Microsoft released their earnings report yesterday. Although its fundamentals remained stable, the stock continued to sell-off as much as 4% in the post-market.

So, why is Microsoft experiencing a sell down?
Let’s take a look at their latest earnings and key indicators in its price charts that you should pay attention to, if you’re looking for a buying opportunity.
Microsoft’s Earnings in a Nutshell
Briefly, here are the key results from Microsoft’s earnings report:
- Earnings: $2.69 per share, vs. $2.55 per share as expected by Refinitiv. [Beat]
- Revenue: $56.19 billion, vs. $55.47 billion as expected by Refinitiv. [Beat]
- Guidance: approx. $54.30 billion vs $54.94 billion consensus among analysts polled by Refinitiv. [Miss]

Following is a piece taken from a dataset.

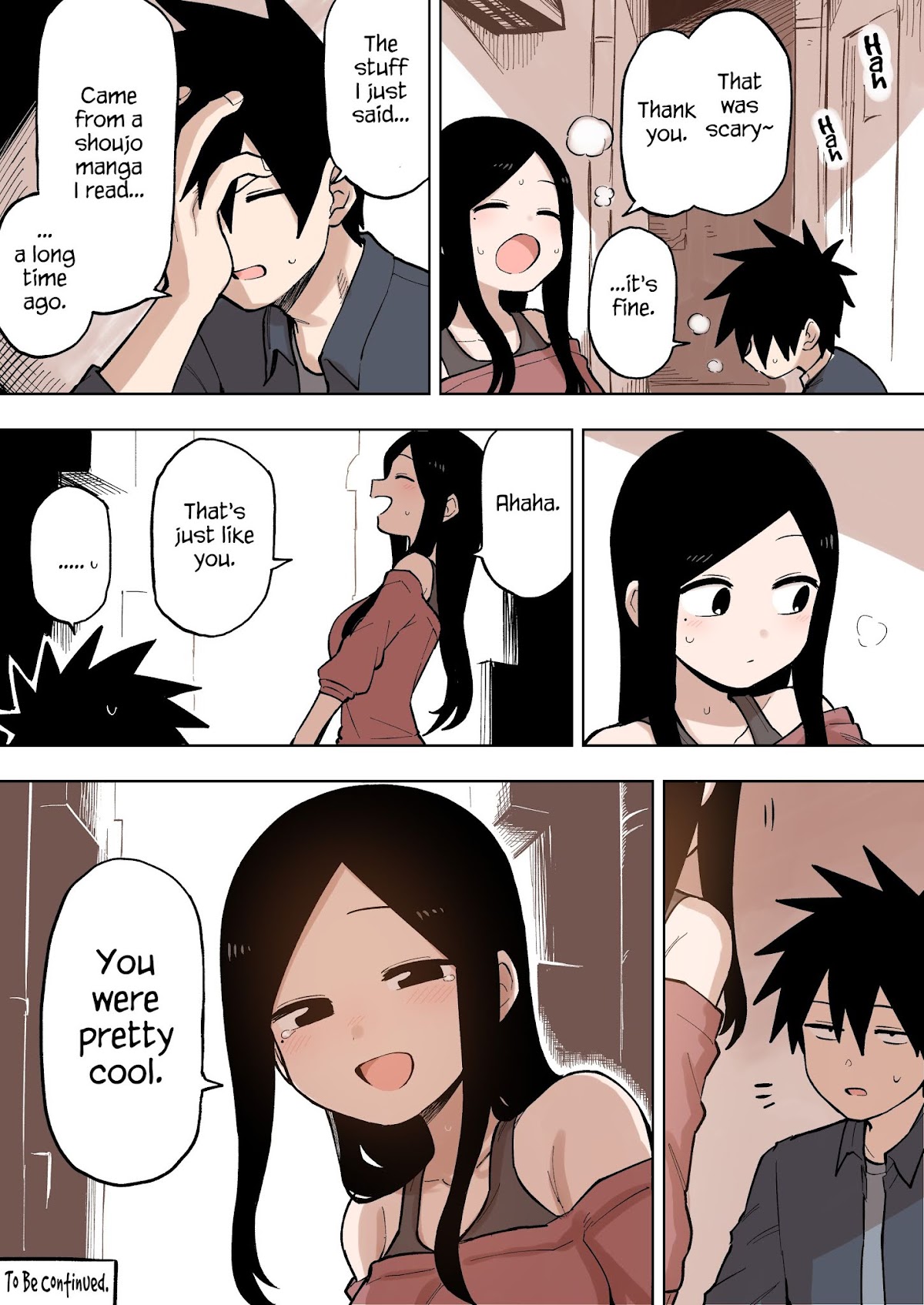 Senpai ga Urusai Kouhai no Hanashi Chapter 90 page 4 - Chapter 90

Overall, their fundamentals remain sound.
Despite macroeconomic conditions, they were still able to achieve an almost 20% increase in net income YoY. This can be attributed to declining labor costs (due to the layoffs) along with declining R&D costs.
Hence the question now remains: why the sell-off? !
I attribute this to the 2 red-flags that shook investors:
????Spending on AI : Patience is required
Wall Street is known to be a little short-sighted when it comes to earnings as investors want to see how a company is performing in the near-term. Investor’s don’t want fancy plans for the future, they want to know how a company is performing quarter on quarter.
To this end, the biggest ‘problem’ for Microsoft this quarter is really to do with their capital expenditure on AI. While Wall Street wants AI revenues to come in now, that sense of excitement seems to dissipate when companies turn around to say that they first need to spend on the infrastructure.
Microsoft’s AI revenue impacts will thus be weighted toward the second half of the new fiscal year that just began, she continued. Meanwhile, she expects that Microsoft’s capital expenditures will rise sequentially each quarter “as we scale to meet demand signals.”
Microsoft earnings top estimates, but stock falls as execs detail AI’s costs
With regard to when any expenditure on AI may eventually pay off, the current guidance given is that “the company should see the impact of higher revenue in the second half of the 2024 fiscal year rather than the first half”.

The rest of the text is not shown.